The resources of Aida today
- The loyalty of the freedivers to the idea of Aida.
- The rules (that has been developed through the years)
- The educated judges (the wardens of the rules).
- The education system (generating lots of income to Aida, selling the brand)
- The instructors (Their reputation will decide if Aida can be a major player on the education market).
- The statutes and the working procedures of the organization. (will the leaders keep the respect of the freedivers?)
- Money (Yes Aida has money, what it does with it not even the members knows).
All freedivers and just about every top level freediver has shown loyalty to Aida and prioritized Aida world records and world championships. The real test of this loyalty will come the day money move into the sport. The day there is a non Aida competition with huge amounts of prize money and full media coverage. When this competition challenges the Aida World Championship.
Lack of drama
This brings us back to the core issue. Are Aida rules media friendly? Media shapes the perception of our sport. No matter what press releases or internet pages Aida develops.

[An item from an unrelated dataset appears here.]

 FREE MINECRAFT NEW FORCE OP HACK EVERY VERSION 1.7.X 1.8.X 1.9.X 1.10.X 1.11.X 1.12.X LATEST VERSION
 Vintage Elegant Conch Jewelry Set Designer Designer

Media will always write articles and do documentaries and praising the gentleman approach to freediving. Freedivers sitting crosslegged meditating under water, claiming they can lower their heart rate by will. This myth will always be maintained. But real media coverage is when our sport is portrayed just like a sport, a competition between individuals. That does not happen often.

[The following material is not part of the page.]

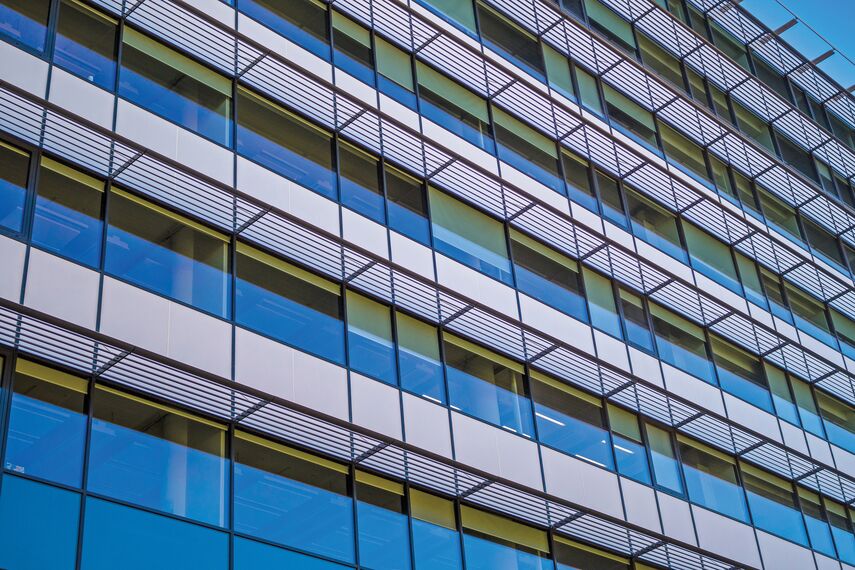 ConceptSystem 77 Windows and CW 50-HI Façades - Office building Technopolis located in Vilnius, Lithuania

Unfortunately it is hard to make freediving exciting for the non freediver (and even for the freedivers themselves). In fotboll there is drama every time a ball is kicked by a player. How does he think, where will he shoot the ball, will he succeed, what is the position of his opponents, his team mates? Every second a small drama is played out within a bigger drama. In short the worlds biggest sport, with the worlds biggest audience.
But freediving is not a team sport. Freediving is something else, slower in the way the game evolves. No interaction between team mates or opponents. It is basically a one man sport even in a competition. That is why those that wants to do away with record attempts have not succeeded. Record attempts is so much linked to the history of the sport and its essence. One man against the challenges the ocean. It fits perfectly with the yogi-myth. But yogis does not come out of a dive with violent spasms, with no recollection of what happened.

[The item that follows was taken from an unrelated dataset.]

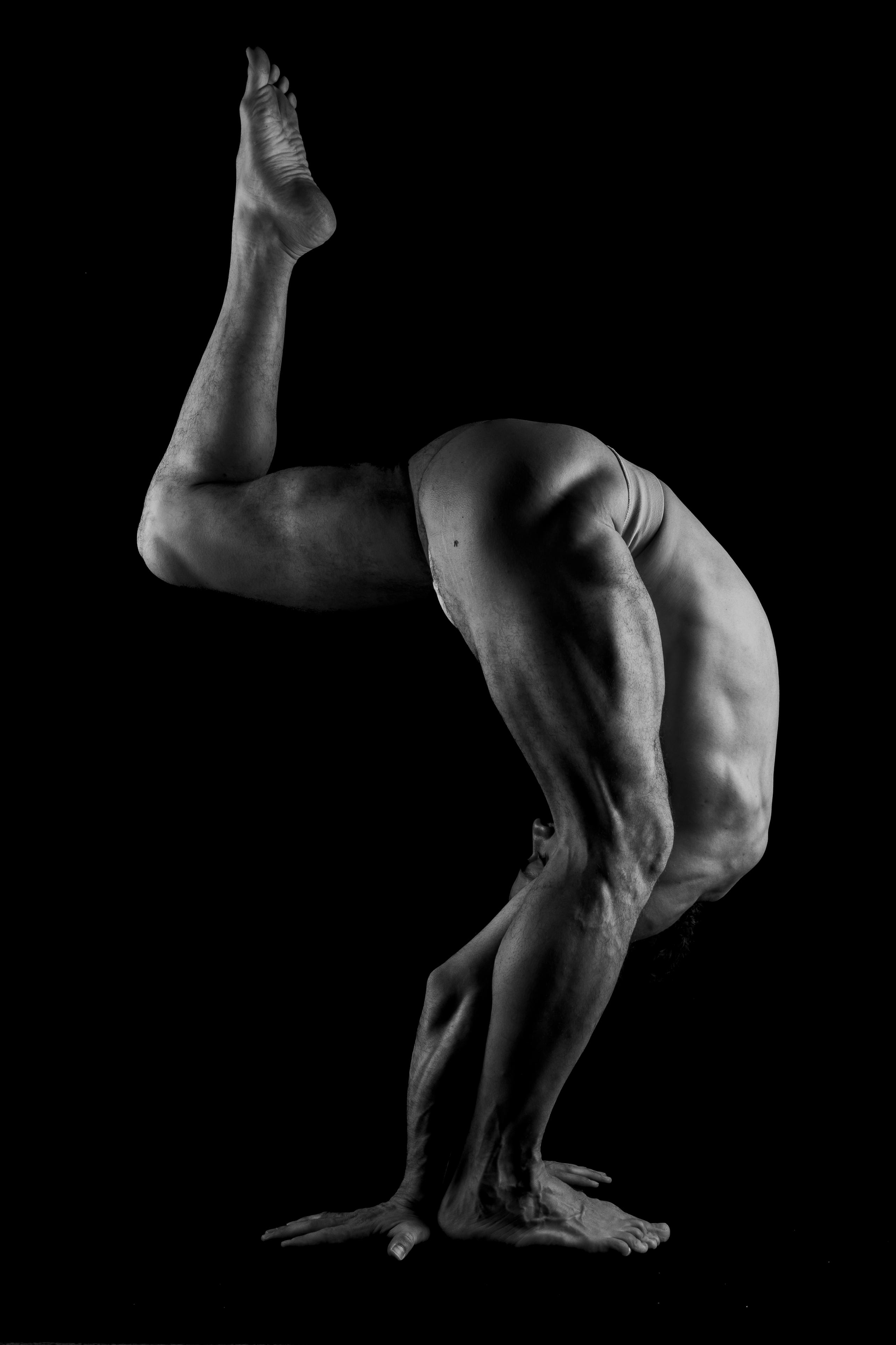 Body in Black II. Ballet and artistic photographer in Prague Francesco Sanvito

The same question over and over
The Aida community has always debated the Surface Protocol. What shall a freediver do in order to get a white card (approved)? It started out with just asking the athlete to stay above the surface with the head and show an OK sign. An LMC rule was added. No shaking due to hypoxia (even blank staring) was allowed after the dive. This proved very hard to judge objectively. After a vote that divided the organization. The LMC rule was done away with. Many athletes where fed up with subjective ruling, the defenders of the rule clamed more judge education was needed.
The new Surface protocol was harder, first 20 seconds, then 15 seconds during which the athlete must remove face equipment, make and OK sign and say I am OK. It was thought that it would more or less not be possible to do this with heavy LMC. The international board of Aida did not bother to try the rule out, or in any way describe what variations of these three tasks would be accepted. A degree of subjectivity remained.
It was not taken into account that hypoxia disorientates freedivers that pushes themselves to the edge: they make extra movements, turn in different directions, different Ok signs, make strange sounds when speech muscles are affected by LMC. (The rules where more detailed in the following two rule-updates).
Then Swedish freediver Jens Schou appeared. He managed to do the SP in the right order towards the judge, within in time with one of the heaviest LMC´s competitive freediving has ever seen. And it was all filmed and put on internet. A freak occurrence said the defenders of the new rule. But the freak occurrence appeared again, and by other freedivers.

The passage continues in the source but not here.